Yes, I gathered that there was that difference between Wilber's and Desilet's interpretation earlier. But I think the confusion is that Derrida is reworking the original, metaphysical idea of a transcendental signified ("an absolutely pure, transparent, and unequivocal translatibility," which he rejects) into an interpretation that recognizes a partial truth in it.

So Derrida is not admitting that the original conception of the transcendental signifier is absolutely right (which isn't what Wilber is arguing either), but simply using that as a starting point for his own discussion, in which he will recognize a partial truth in the transcendental signified and eventually call it "transformation" instead.

With regard to what "no translation is possible without it" refers to, I think it is best to look at this sentence:

"That this opposition or difference cannot be radical or absolute [here Derrida is rejecting the representational interpretation of the transcendental signified] does not prevent it from functioning [here Derrida is saying there is a partial truth in it]."

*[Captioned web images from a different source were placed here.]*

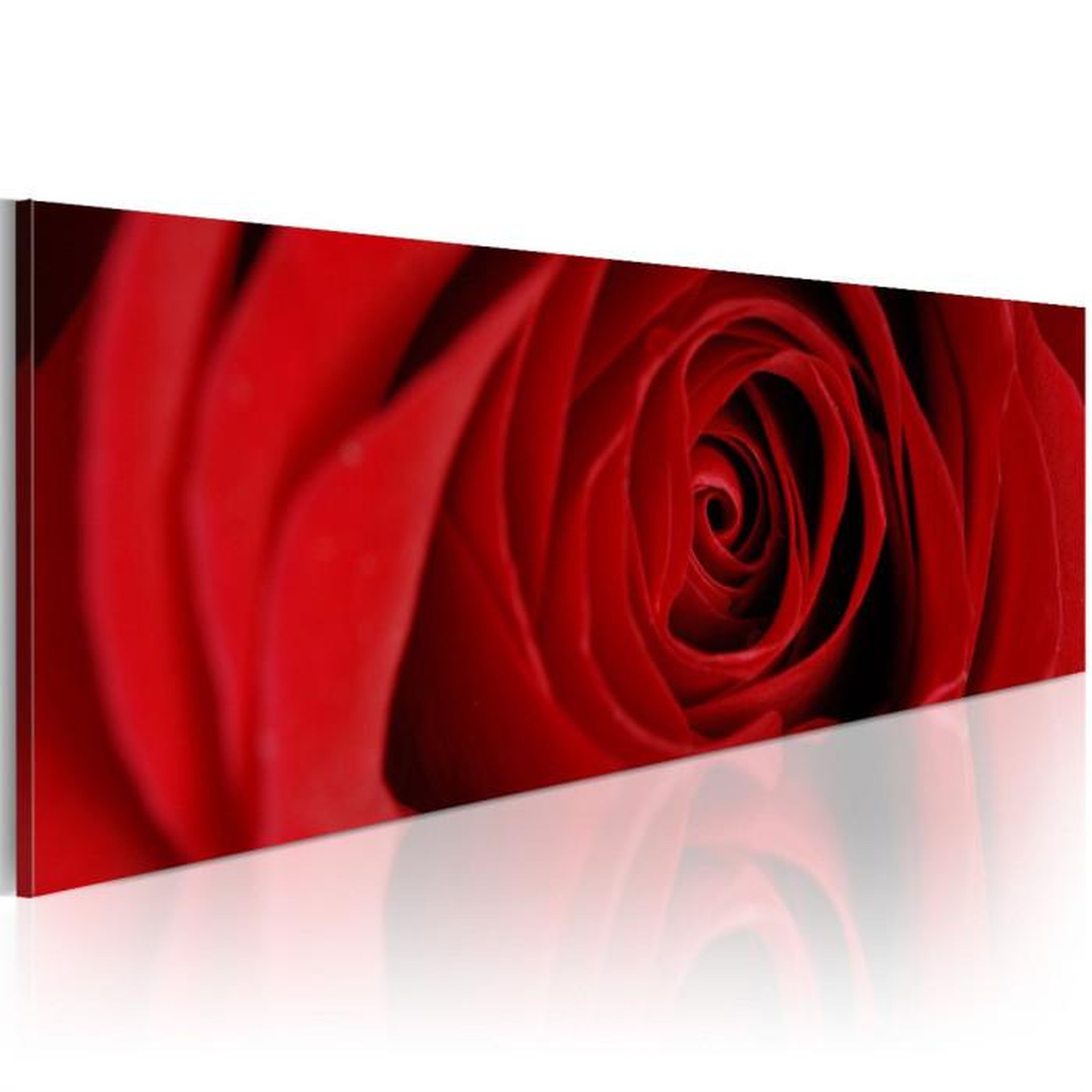 Paris Prix Tableau Imprimé  Rose du Nord. Coloris disponibles : Multicolore
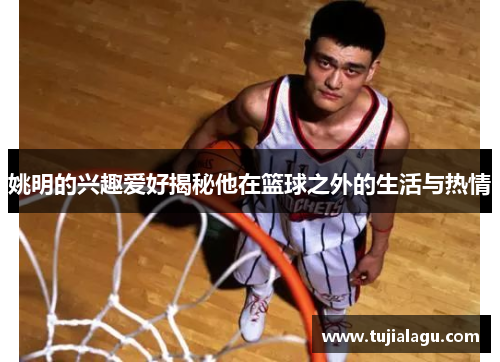 姚明的兴趣爱好揭秘他在篮球之外的生活与热情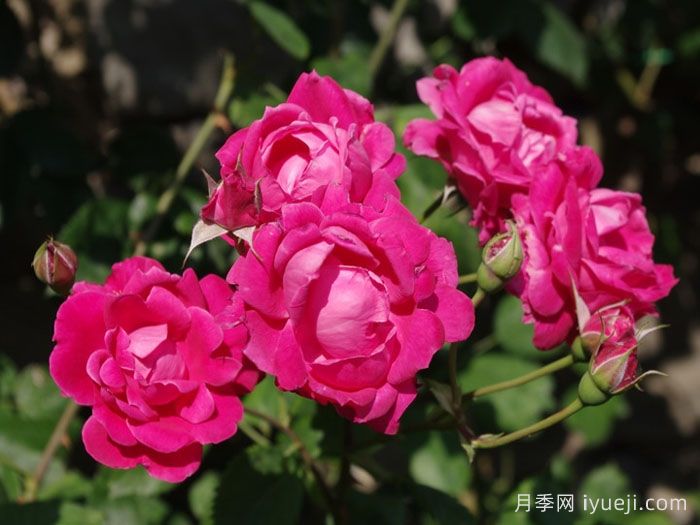 亚历山大麦肯兹月季Alexander Mackenzie(图3)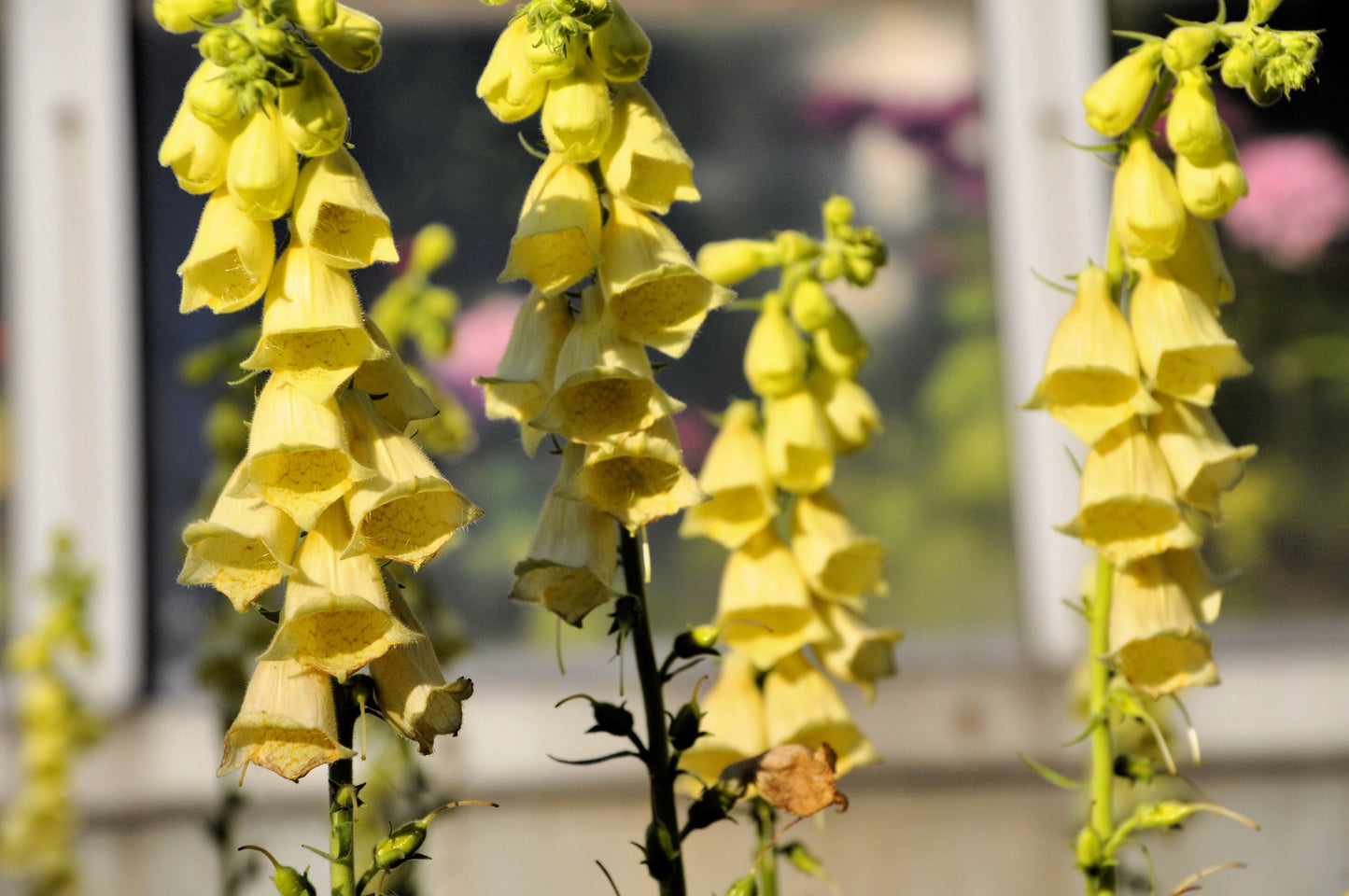 100 Yellow Foxglove (Digitalis Grandiflora) Seeds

So I think Wilber's claim is that Derrida wasn't recognizing a partial truth in the transcendental signified before this, and now in Positions he is recognizing a partial truth. But Desilet interprets Wilber as saying that Derrida is admitting to the original, representational version, which he isn't, only recognizing a partial truth in it.

It seems to me that the problem here may be that Desilet isn't recognizing the partial truth in the transcendental signified himself (not recognizing common contexts) and therefore isn't wanting to see this recognition in Derrida, so he can only see Wilber as trying to say that Derrida is admitting to the original, representational conception of it.

But Wilber is only saying Derrida is recognizing a partial truth in the transcendental signified, which he expresses in that Integral Spiritually footnote a little clumsily when he refers to "Derrida's admission, in Positions, of a transcendental signifier [sic]," which taken literally would mean that Derrida admitted to the representational version of a transcendental signified (which, again, he didn't, only a partial truth).

Oh, we just posted at the same time. :-)   You'll see I was also focusing on that sentence.

Hi, Bruce.

You say: "difference" here reinforcing his point that signifier and signified, while partially overlapping, still should not be conflated or confused with one another.  In my view, he is saying that although this difference is not radical or absolute, that lack of absoluteness does not prevent "it" (the opposition or difference) from functioning."

Yes, and it seems to me that with "it" he is referring to a signified that people, even of different languages, can have in common (which recognizes a partial truth in what representationalists called the transcendental signified).

Yes, I thought you might be doing a reconstruction rather than a direct quotation. I actually said something like that in a first draft, but then took it out just to make it shorter and more simple.